Art Jakarta edisi ke-11 baru saja usai digelar. Pameran seni rupa yang melibatkan galeri-galeri se-Asia Pasifik ini digelar di Hall A dan B Jakarta Convention Center (JCC), sejak Jumat (30/8/2019) hingga Minggu (1/9/2019). Memasuki dekade barunya, Art Jakarta telah naik ke level yang lebih tinggi dari gelaran tahun-tahun sebelumnya. Hal ini terbukti dari pemilihan venue yang lebih besar dan lebih luas serta partipasi galeri, baik lokal maupun internasional yang meningkat secara signifikan. Art Jakarta tahun ini melibatkan 70 galeri seni se-Asia Pasifik yang terdiri dari 40 galeri internasional dan 30 galeri lokal.
Art Jakarta 2019 datang dengan wajah baru, hal ini ditandai dengan hadirnya sosok Tom Tandio sebagai Fair Director Art Jakarta 2019. Sebagai kolektor seni rupa papan atas, Tom Tandio telah banyak berkecimpung dalam kegiatan seni rupa internasional maupun lokal.
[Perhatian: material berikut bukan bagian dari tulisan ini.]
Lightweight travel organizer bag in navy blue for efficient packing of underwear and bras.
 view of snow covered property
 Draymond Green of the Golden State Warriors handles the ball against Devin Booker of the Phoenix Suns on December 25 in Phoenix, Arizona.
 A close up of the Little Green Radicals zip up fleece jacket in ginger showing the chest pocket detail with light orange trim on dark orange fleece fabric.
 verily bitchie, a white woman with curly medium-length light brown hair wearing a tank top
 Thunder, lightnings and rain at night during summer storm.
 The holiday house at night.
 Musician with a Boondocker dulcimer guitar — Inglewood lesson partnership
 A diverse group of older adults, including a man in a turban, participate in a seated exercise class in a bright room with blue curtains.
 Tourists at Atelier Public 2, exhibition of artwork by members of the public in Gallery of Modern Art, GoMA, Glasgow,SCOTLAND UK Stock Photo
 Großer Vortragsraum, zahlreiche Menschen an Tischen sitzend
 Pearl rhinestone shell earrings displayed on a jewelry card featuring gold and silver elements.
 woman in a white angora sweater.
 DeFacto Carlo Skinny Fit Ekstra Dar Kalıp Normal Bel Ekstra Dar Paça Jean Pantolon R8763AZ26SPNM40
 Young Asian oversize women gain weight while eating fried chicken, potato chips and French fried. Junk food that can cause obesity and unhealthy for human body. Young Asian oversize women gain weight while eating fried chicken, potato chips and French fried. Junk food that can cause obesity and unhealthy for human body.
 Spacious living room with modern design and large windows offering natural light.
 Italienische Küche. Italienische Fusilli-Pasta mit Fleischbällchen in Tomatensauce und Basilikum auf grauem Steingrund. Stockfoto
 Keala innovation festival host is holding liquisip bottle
Untuk menyukseskan Art Jakarta tahun ini, Tom Tandio dibantu oleh sebuah tim yang berisi individu-individu dengan latar belakang seni rupa dan juga banyak berkolaborasi dengan para profesional industri kreatif.
Yang berbeda dari Art Jakarta tahun ini adalah banyaknya kolaborasi yang terjadi di luar Art Jakarta sendiri. “Efek domino yang tercipta sungguh luar biasa, terbukti dari pemerintah provinsi DKI Jakarta yang mendeklarasikan Jakarta Art Week sebagai respon untuk ikut meramaikan` Art Jakarta tahun ini.” ujar Aviandani Lestari, Media Relations Manager Art Jakarta 2019.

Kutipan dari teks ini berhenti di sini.